#### Assigned task
What is needed here is an exact printout of the data, with no pictures included.

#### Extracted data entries
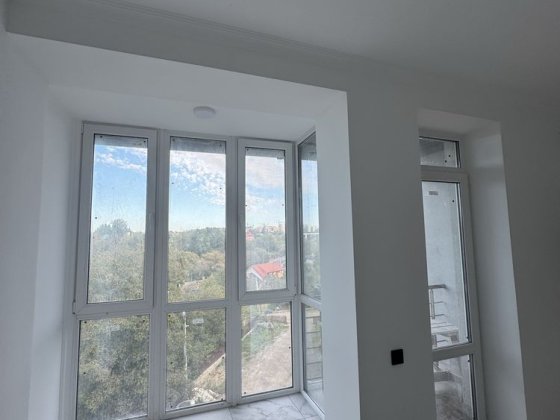 Однокімнатна новобудова, район Роша , біля клубу Черновцы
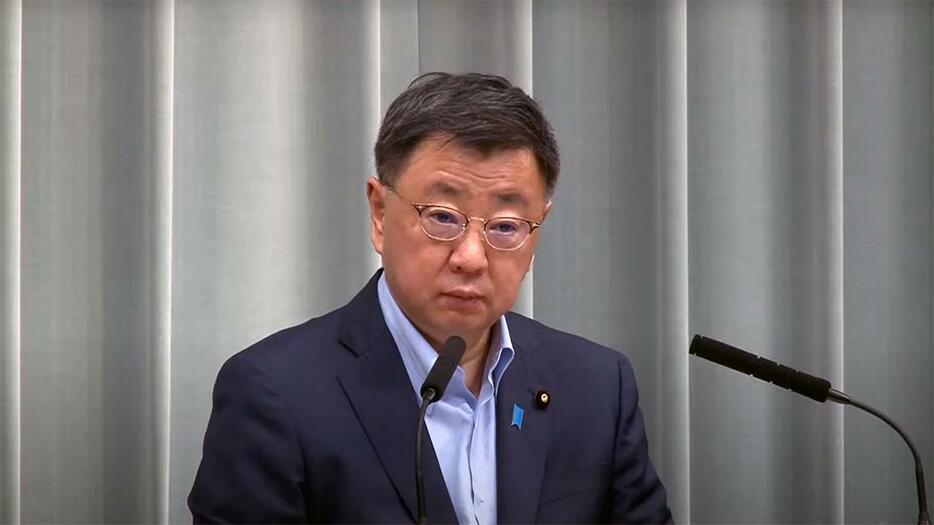 松野官房長官が定例会見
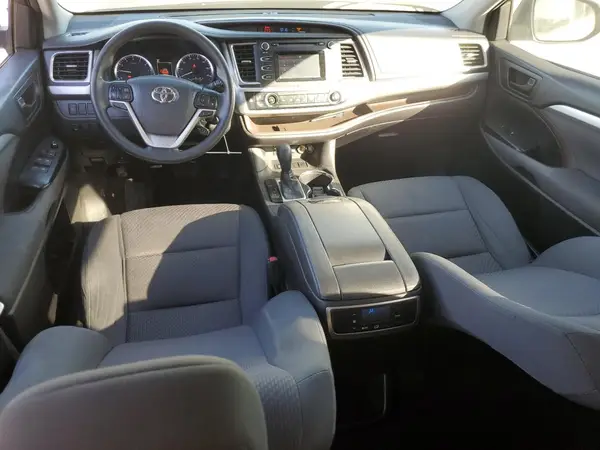 5TDZZRFH6JS288376 2018 TOYOTA HIGHLANDER - Image 8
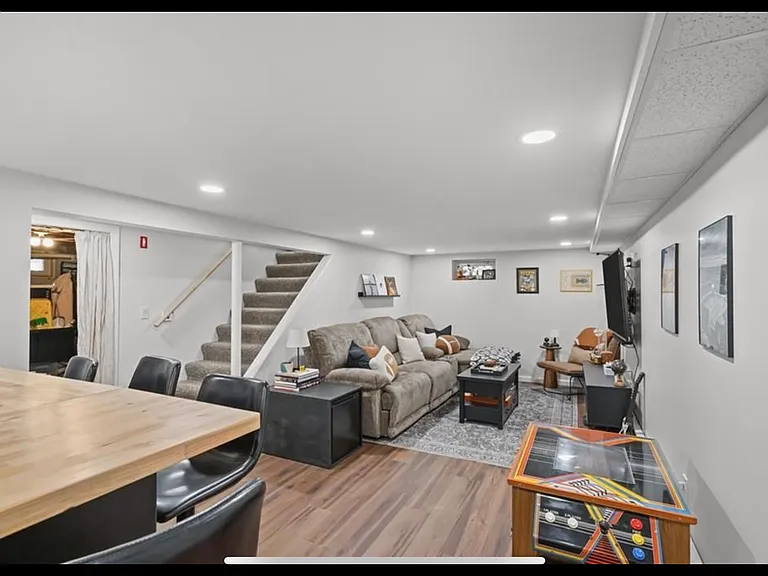 55 Columbia Ave — Photo 6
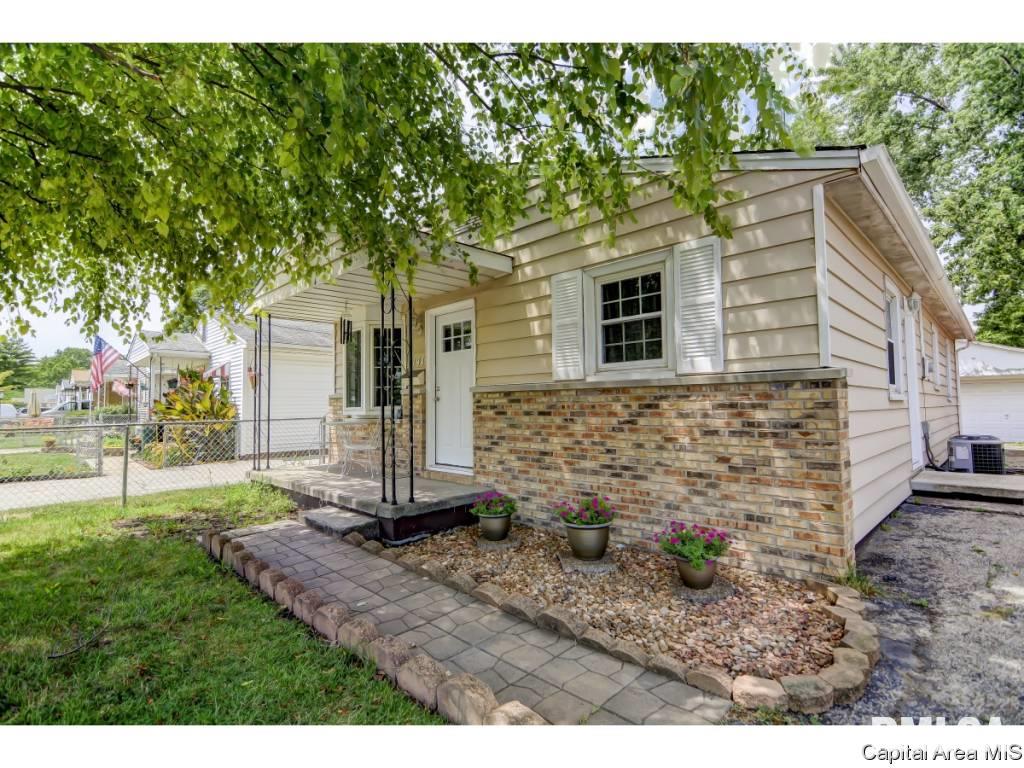 2141 East Keys Avenue Springfield, IL 62702 - Photo 1 of 27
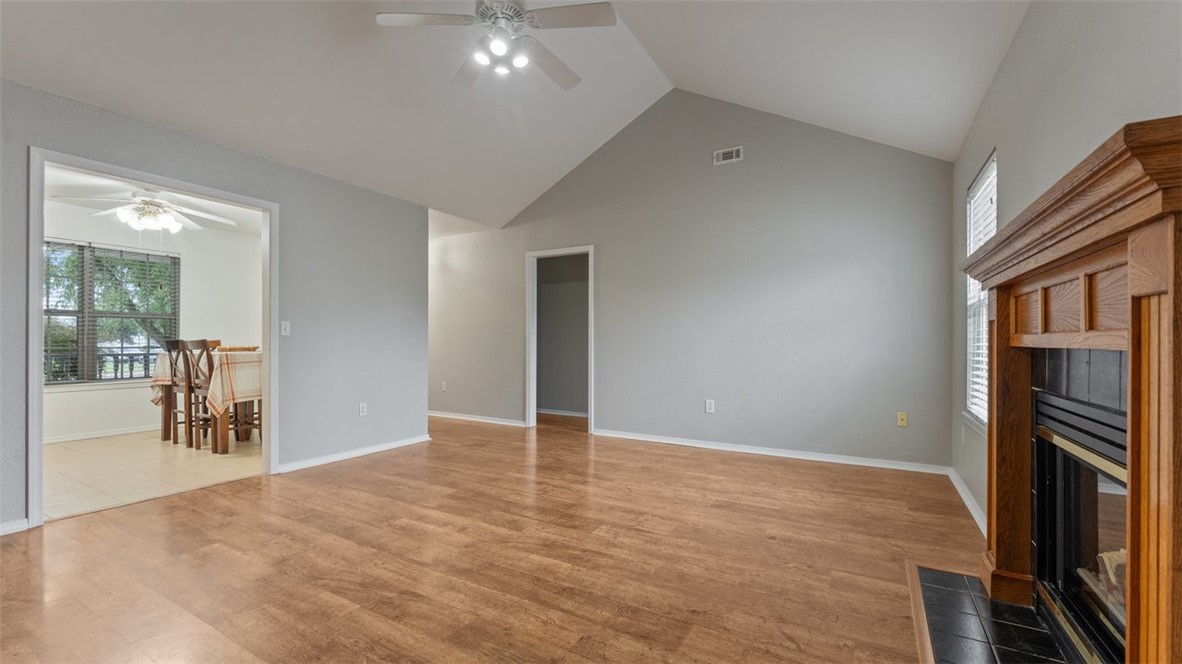 Hales Add Rogers - Residential Lease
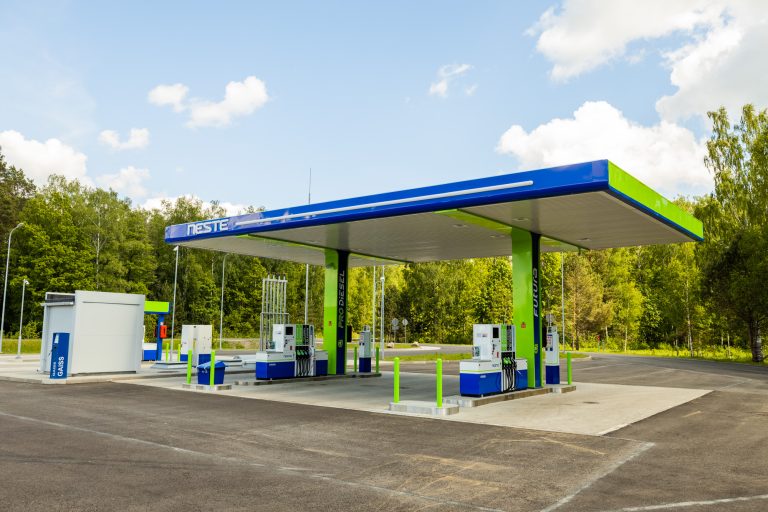 Neste investē elektro drošībā, uzstāda elektrības ģeneratorus DUS tīklā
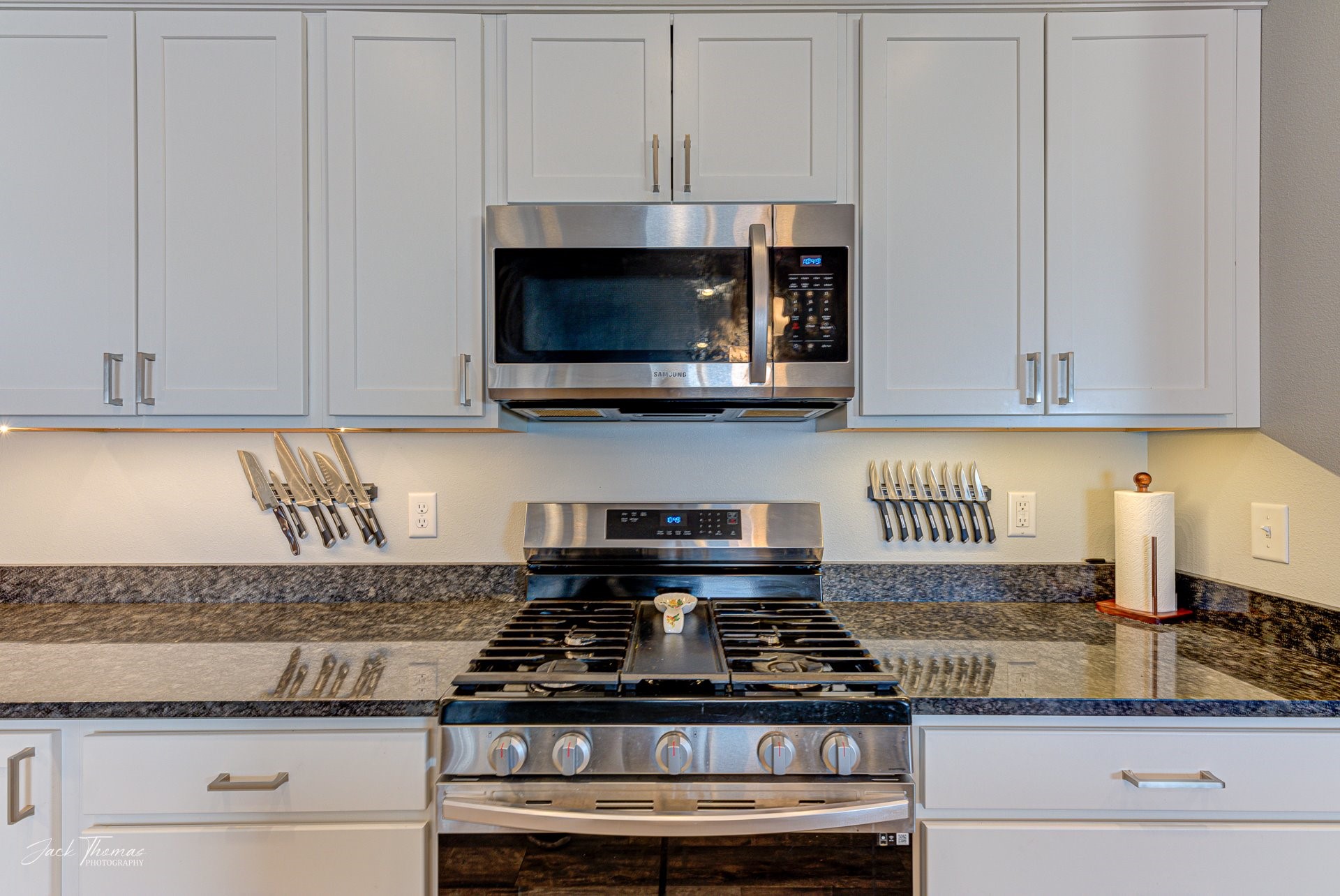 Townsend, Montana 59644, United States, 3 Bedrooms Bedrooms, ,3 BathroomsBathrooms,Residential,Pending,66068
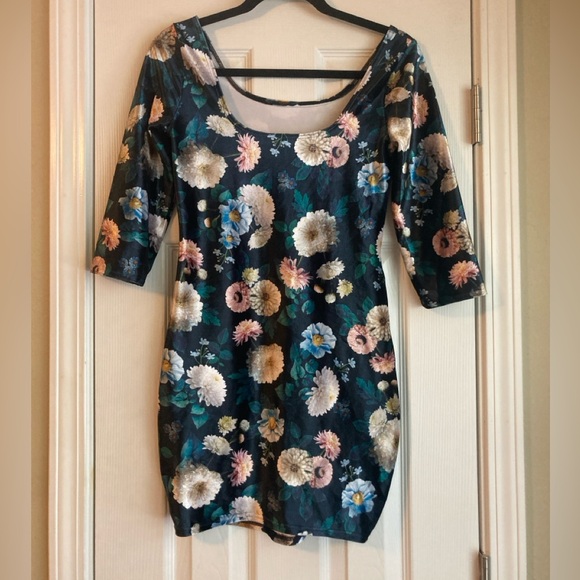 blackmilk clothing NOT MAMA'S GARDEN VELVET DRESS - Picture 4 of 6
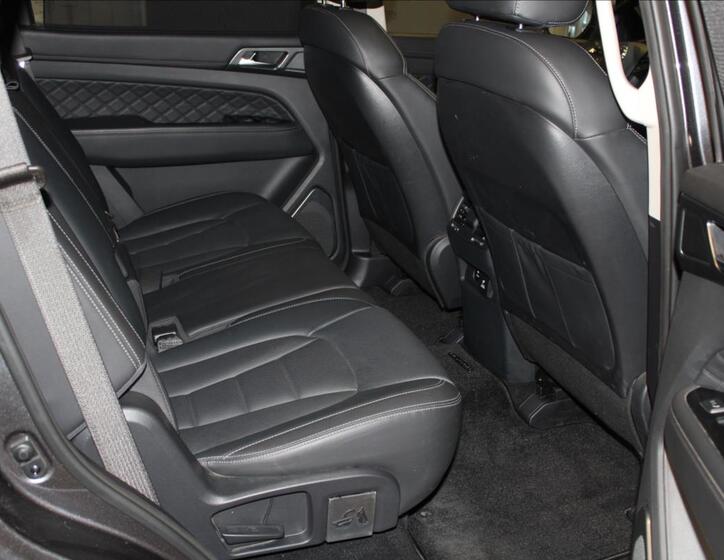 SsangYong Rexton 23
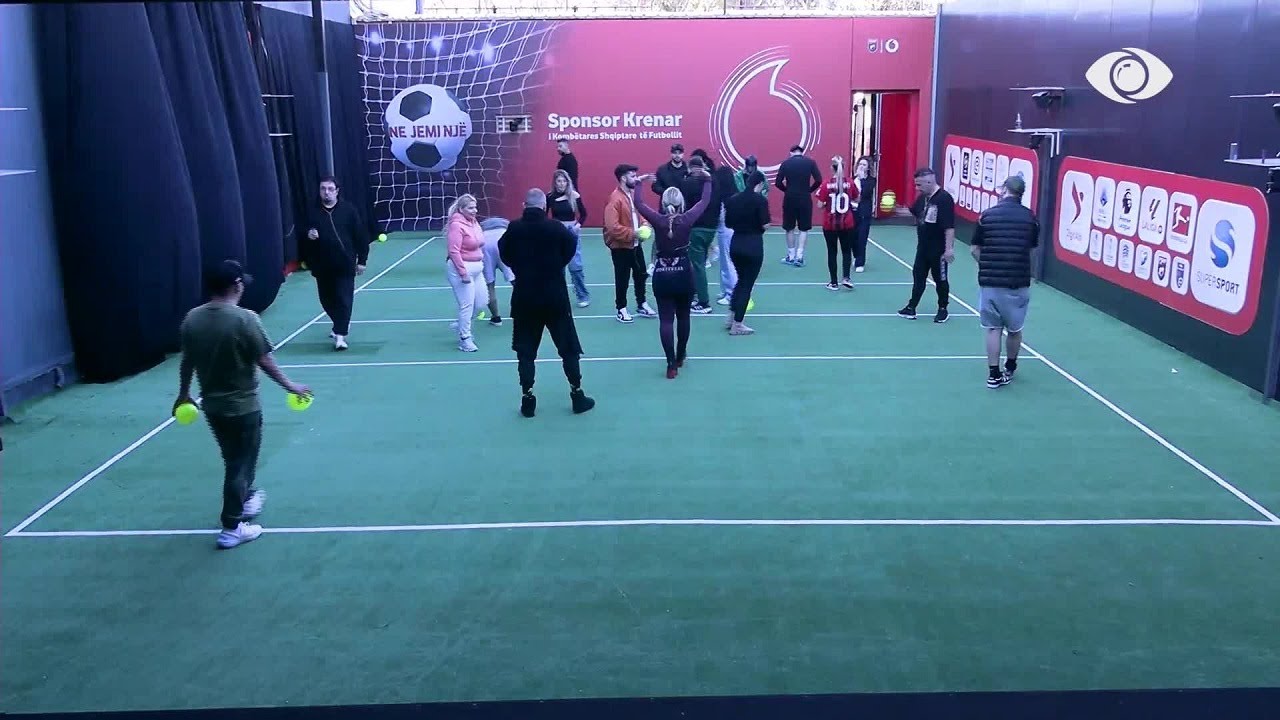 Nis loja në arenën e Supersport, dy skuadrat ‘luftojnë’ kundër njëra-tjetrës - Big Brother VIP 3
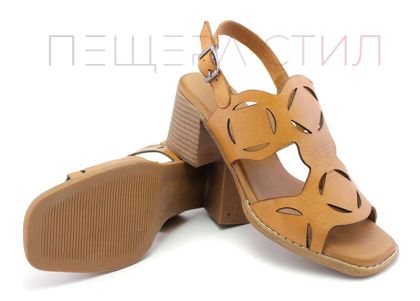 Дамски сандали от естествена кожа в светло кафяв цвят - Модел Лесли.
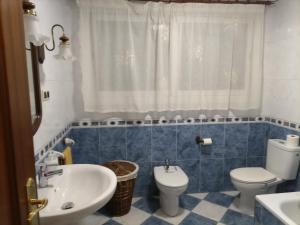 bagno con servizi igienici e lavandino di Casa Aymerich a Bellpuig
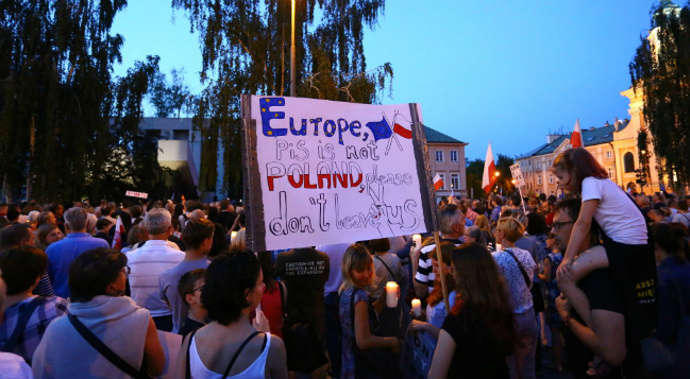  Protesters gather at supreme court in Warsaw to demand for Presidential veto against new law court reforms. (Getty)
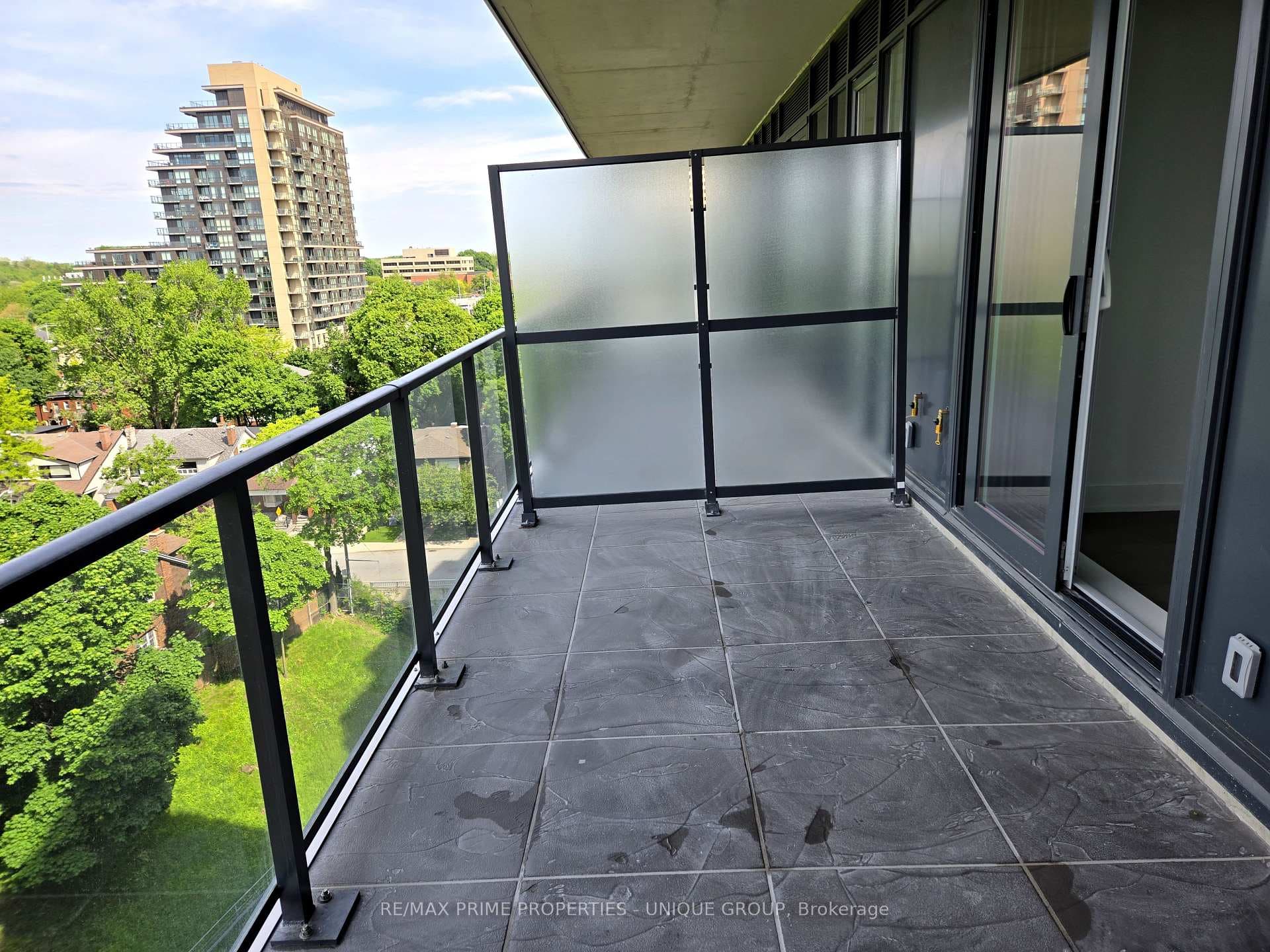 8 Manor Road Unit 806 photo 2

#### Task result
 Однокімнатна новобудова, район Роша , біля клубу Черновцы
 松野官房長官が定例会見
 5TDZZRFH6JS288376 2018 TOYOTA HIGHLANDER - Image 8
 55 Columbia Ave — Photo 6
 2141 East Keys Avenue Springfield, IL 62702 - Photo 1 of 27
 Hales Add Rogers - Residential Lease
 Neste investē elektro drošībā, uzstāda elektrības ģeneratorus DUS tīklā
 Townsend, Montana 59644, United States, 3 Bedrooms Bedrooms, ,3 BathroomsBathrooms,Residential,Pending,66068
 blackmilk clothing NOT MAMA'S GARDEN VELVET DRESS - Picture 4 of 6
 SsangYong Rexton 23
 Nis loja në arenën e Supersport, dy skuadrat ‘luftojnë’ kundër njëra-tjetrës - Big Brother VIP 3
 Дамски сандали от естествена кожа в светло кафяв цвят - Модел Лесли.
 bagno con servizi igienici e lavandino di Casa Aymerich a Bellpuig
  Protesters gather at supreme court in Warsaw to demand for Presidential veto against new law court reforms. (Getty)
 8 Manor Road Unit 806 photo 2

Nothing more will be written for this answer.